Sufism Studies: volumes 1 and 3
Asghar Seyed-Gohrab and Arash Ghajarjazi

Professor Asghar Seyed-Gohrab and researcher Arash Ghajarjazi recently published two volumes in the Sufism Studies series: Seyed-Gohrab’s Of Piety and Heresy (volume 1) and Ghajarjazi’s Remembering ʿUmar Khayyām (volume 3).
Volume 1: Of Piety and Heresy
In this book, Seyed-Gohrab examines and contextualises Abū Ḥāmid Muḥammad Ghazzālī’s (d. 505/1111) fierce response to antinomian and freethinking currents in twelfth-century Persia. He offers a translation of Ghazzālī’s treatise on antinomians, and one of his religious rulings (fatwa) on the topic.
Both were written after Ghazzālī’s intellectual crisis in 488/1095, when he voluntarily withdrew from his position as a Professor at the prestigious Niẓāmiyya College in Baghdad. He determined to live an ascetic life, devoting all his attention to God. In this period, Ghazzālī wrote his masterpieces in Arabic and Persian. Seyed-Gohrab shows that these two less-known works shed new light on the motivation for Ghazzālī’s major works.
The book depicts Ghazzālī’s Persian intellectual context, and the tumultuous political period in which a strong literary and Sufi antinomian trend emerged from the social periphery to become central to literary activities at the Saljuq court. The book also treats Ghazzālī’s Persian poetry, offering original insights into Ghazzālī’s contemporary, the celebrated polymath ʿUmar Khayyām (d. about 525/1131), whose transgressive quatrains are interpreted as a response to a suffocating religious context.

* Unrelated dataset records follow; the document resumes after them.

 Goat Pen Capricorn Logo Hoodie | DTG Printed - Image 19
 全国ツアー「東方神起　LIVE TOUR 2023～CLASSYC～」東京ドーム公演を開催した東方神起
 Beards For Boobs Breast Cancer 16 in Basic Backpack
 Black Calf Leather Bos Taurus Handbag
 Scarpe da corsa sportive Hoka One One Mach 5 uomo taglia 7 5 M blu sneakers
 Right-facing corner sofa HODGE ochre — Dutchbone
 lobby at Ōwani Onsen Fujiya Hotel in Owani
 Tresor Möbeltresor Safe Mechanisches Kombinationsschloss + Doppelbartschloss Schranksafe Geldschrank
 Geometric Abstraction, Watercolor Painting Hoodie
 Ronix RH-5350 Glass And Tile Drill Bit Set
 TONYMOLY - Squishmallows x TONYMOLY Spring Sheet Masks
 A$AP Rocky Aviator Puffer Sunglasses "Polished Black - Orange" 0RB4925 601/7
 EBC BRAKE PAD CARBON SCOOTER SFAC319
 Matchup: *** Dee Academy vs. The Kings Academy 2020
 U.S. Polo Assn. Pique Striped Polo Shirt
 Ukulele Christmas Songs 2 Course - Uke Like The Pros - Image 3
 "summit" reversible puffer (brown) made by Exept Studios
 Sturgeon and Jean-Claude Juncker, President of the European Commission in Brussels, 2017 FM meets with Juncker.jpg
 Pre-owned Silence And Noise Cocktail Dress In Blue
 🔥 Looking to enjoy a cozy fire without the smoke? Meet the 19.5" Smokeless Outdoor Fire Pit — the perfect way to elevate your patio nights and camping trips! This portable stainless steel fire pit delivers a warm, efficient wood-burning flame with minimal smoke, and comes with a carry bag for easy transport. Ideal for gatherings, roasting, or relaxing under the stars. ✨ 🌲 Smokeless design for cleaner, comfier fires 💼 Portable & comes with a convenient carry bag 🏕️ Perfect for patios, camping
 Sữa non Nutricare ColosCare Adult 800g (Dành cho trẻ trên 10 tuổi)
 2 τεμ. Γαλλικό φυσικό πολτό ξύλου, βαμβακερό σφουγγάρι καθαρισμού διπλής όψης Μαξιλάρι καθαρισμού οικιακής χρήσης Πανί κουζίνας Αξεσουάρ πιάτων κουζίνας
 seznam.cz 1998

Volume 3: Remembering ʿUmar Khayyām
In this book, Ghajarjazi explores the Persian sage ʿUmar Khayyām and the globally renowned quatrains (rubāʿiyyāt) attributed to him from a new angle. These quatrains have unleashed responses from Sufis and Islamic theologians, fostering secular thought in the Persianate world. From the early 12th century to the present, ʿUmar Khayyām’s persona has been a source of inspiration for various literate communities.
This monograph addresses an undesirable gap in Khayyām scholarship by re-examining the reception of his quatrains within a changing collective memory. It investigates a wide range of texts and objects, including Sufi texts, chronicles, mystical poetry anthologies, memorial monuments, Victorian illustrations, and modern periodicals.
The focus is on how the remembrance of Khayyām has contributed to the formation of a secular intellectual tradition in modern Iran. The book argues for a re-conceptualisation of Khayyām as a nexus of Sufi literature, memory, and secularity. Additionally, it critically examines traditional scholarship on Khayyām’s biography and the debates regarding the authenticity of his quatrains. This work aims to connect scholars of Sufism Studies, memory studies, and Persian and Islamic Studies.